Speck's whole argument is that walkability is the most important factor for a city to be vibrant and attractive to new residents. There are a bunch of aspects that go in to making a city walkable, such as mixed-use neighborhoods where restaurants and stores and residences are all close together. There is the issue of frequent and reliable public transportation, the importance of shade and the necessity of interesting-looking architecture.
He does a good job of explaining the benefits of walking, including health, community, and enviromental. I loved his entire generalist approach to planning cities. It helped me analyze some walking cities I've lived in, like Washington D.C. and Chicago, and how they compare with where I grew up and where I'm living now.
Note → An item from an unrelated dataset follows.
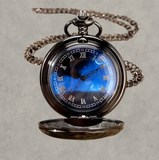 BKB Custom Gifts blue ornate pocket watch with a celestial dial, Roman numerals, and a metallic alloy chain.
This topic has taken on a special interest in my life due to our recent move. Before we moved, we were living in the extremely walkable Hyde Park neighborhood of Chicago. I loved how much I could walk to accomplish my everyday errands and used my stroller much more than the car. Walking was the easiest and quickest way to get to many places, including the produce store, the library, lots of parks, restaurants, my favorite tiny thrift store and the office where I worked at the University of Chicago.
But then we moved to Irvine in southern California and I was shocked by how little I could walk. We live within close driving distance of pretty much everything and yet we can walk to nothing. It felt disconcerting at the beginning to have to get in the car every single time I wanted to go somewhere.
To further illustrate the difference between the two, I looked up their individual walk scores on the website walkscore.com. Speck had mentioned it in the book as a site that assigns a score between 0 and 100 according to how walkable the address is to nearby errands. Anything over 90 is supposed to be an amazing area for walking. My previous address in Chicago had a walk score of 89. My current address? A walk score of 24.
Reading Walkable City has helped me analyze the differences between these two places. I go on walk/runs with James in the mornings and the lack of street breaks, high speed limits (50 or 55 mph!), and the dearth of shady trees makes these walks miserable for anything besides exercise.
Reading this book made me feel better in some aspects. I realized that where I live is not set up for pedestrians to thrive. I don't drive everywhere because I'm wimpy but because this area is car oriented and not walk oriented.
But it did make me feel worse because I wish I was living in a place that was walkable, had a thriving bike culture and frequent public transportation. A life like that seems so much more pleasant to me.
What are your thoughts on walkablitity? This is a subject I can talk about endlessly.